Broken OpenCL Runtime in Latest Drivers - Not Spec Conformant?

Hello,

This issue applies for 346* and 352* for linux x86_64. You can see two of my discussions on other websites here (the first one is more detailed):

  • https://www.khronos.org/message_boards/showthread.php/11619-NVIDIA-Multi-Device-Command-Queue-Concurrency-Issue
  • http://stackoverflow.com/questions/31758669/opencl-multi-device-commandqueue-concurrency-issue-nvidia
  • Essentially, my software, which absolutely should execute in parallel w.r.t. clEnqueue* calls on different (device exclusive) CommandQueues according to page 25 of the OpenCL 1.1 spec:

    " It is possible to associ ate multiple queues with a single context. These queues run concurrently and independently with no explicit mechanisms within OpenCL to synchronize between them. "

    is not doing that at all, regardless of whether I specify in, or out-of-order execution (that shouldn’t matter anyway). I did confirm that CUDA applications can run concurrently (see first post, near bottom of first page).

    I would appreciate some NVIDIA support on this, as it seems to imply that a fundamental component of the OpenCL spec is not working as advertised (if this is not a problem on my end, this is a serious issue). The drivers are advertised as supporting OpenCL 1.1 (and now 1.2), and they should probably do what they claim to…

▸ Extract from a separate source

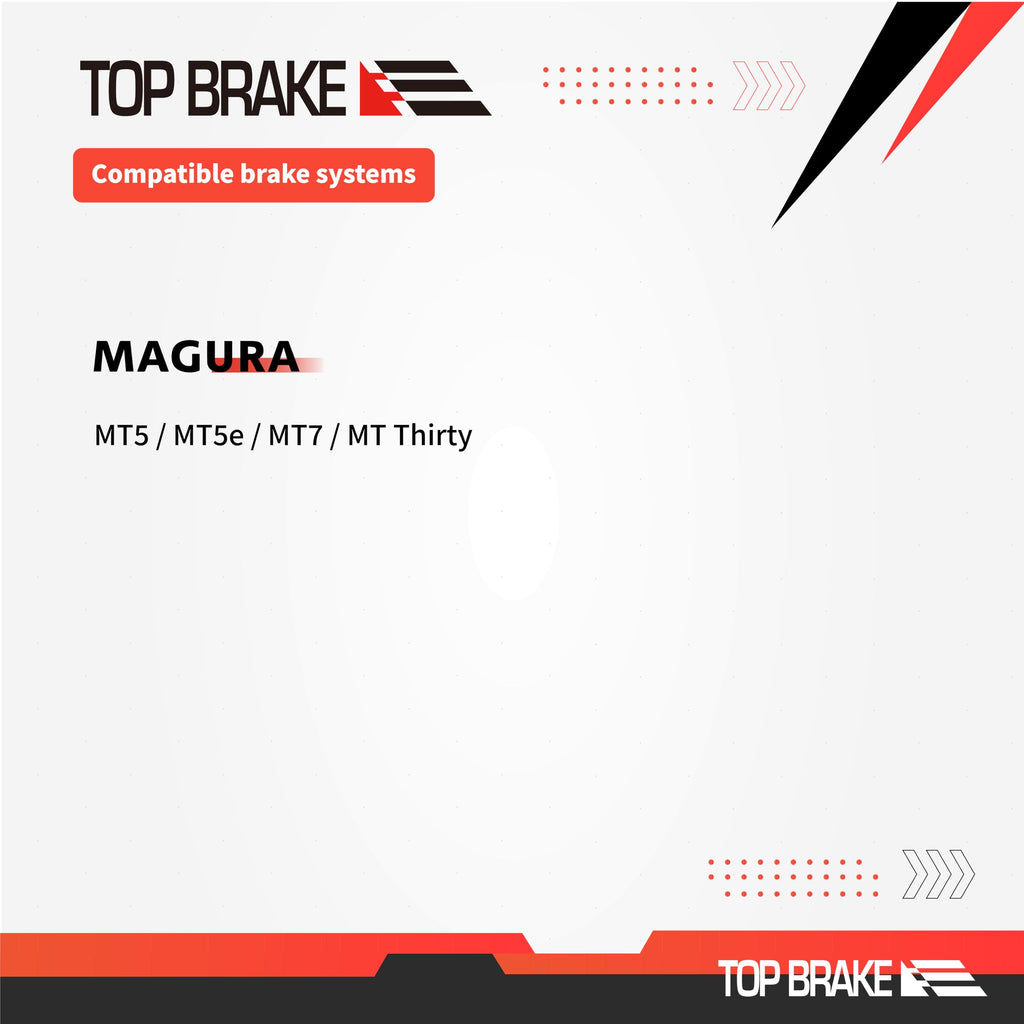 Top Brake Bd19-P Disc Bike Brake Pads For Magura 4 Piston Mt5/ Mt7/ Mt5E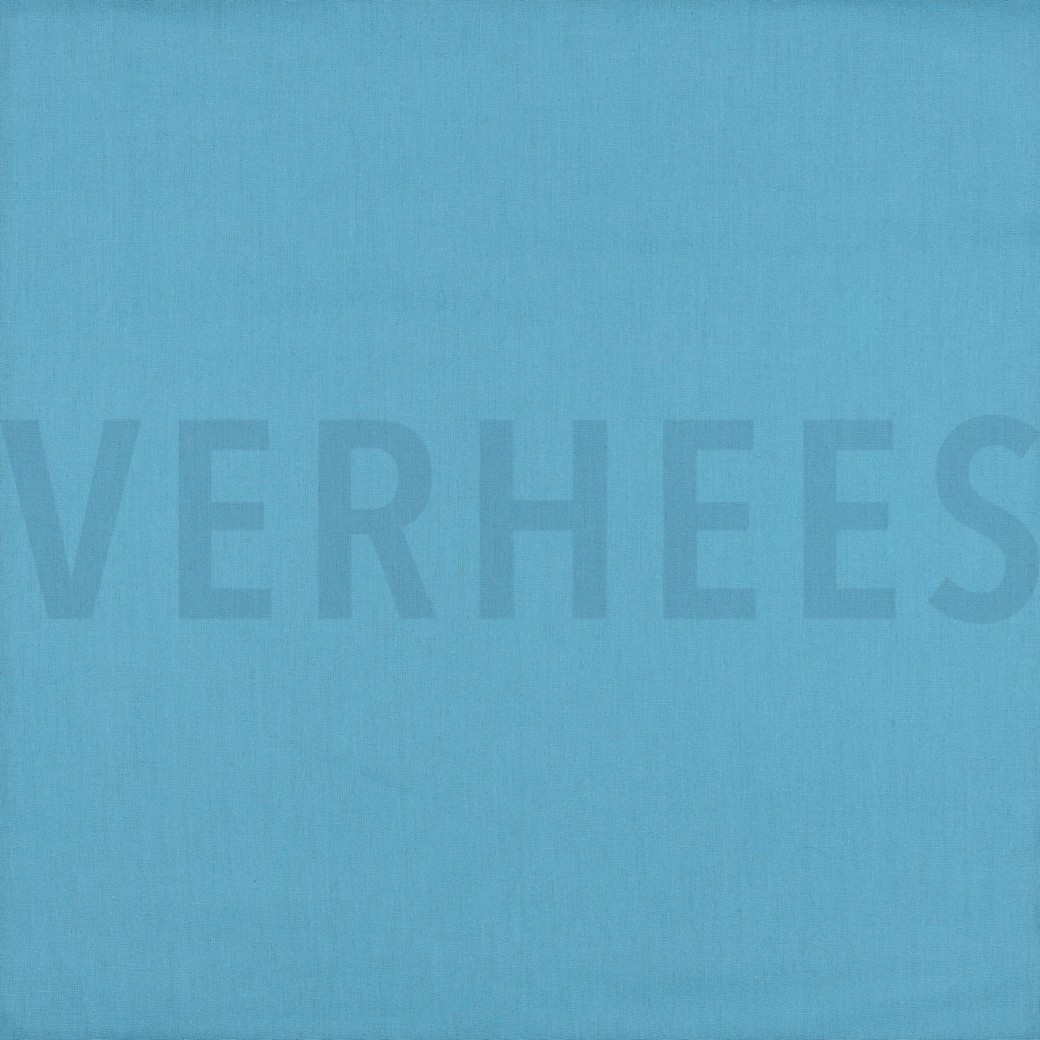 BAUMWOLLE POPELINE HIMMELBLAU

    Additionally, if someone here is running 2+ AMD cards, I would appreciate it greatly if you could confirm that my code runs concurrently with either textual or graphic profiler output. You can clone my repo here:

    https://github.com/stevenovakov/learnOpenCL

    please checkout the simple_events branch only (as it is how I would write a typical OpenCL application).

    You may want to file a bug at developer.nvidia.com

    I’m not an OpenCL expert.

    It’s evident from the second profiler “output” depicted on your stackoverflow posting that it is manufactured from the first.

    It’s possible that the H->D overlap and the D->H overlap that you are depicting is not possible due to your specific motherboard configuration. If the GPUs are sharing a host PCIE link (i.e. there is a PCIE switch on your motherboard), then the transfers to one device will serialize with the transfers to the other device. That’s a somewhat less common motherboard config (though certainly possible) and since I don’t know what your motherboard config is, I’ll leave it at that.

    I don’t put a lot of stock in the above comment, because even if that were the case, the kernel call to the first GPU should overlap with the copy operations to the second GPU and I don’t see that, but I don’t know all the nuances of buffer pinning in openCL that would be needed to observe that.

    Thanks for the reply.

    Yep, as stated, it is manufactured (kolourpaint4 hack job…). I made that clear.

    My CPU has 40x transceivers, I’m using Asus X-99A which has support for up to 3 way SLI. I don’t think this comes into play with X99, at least for 2 GPUs. As only one PCIe3.0x16 slot (the third, occupied by something that isn’t a GPU atn) is specified to be behind a switch. I could understand this being a concern for Z97 boards, for example, with CPUS having only 16 transceivers…

    Thanks, I will report it as a bug.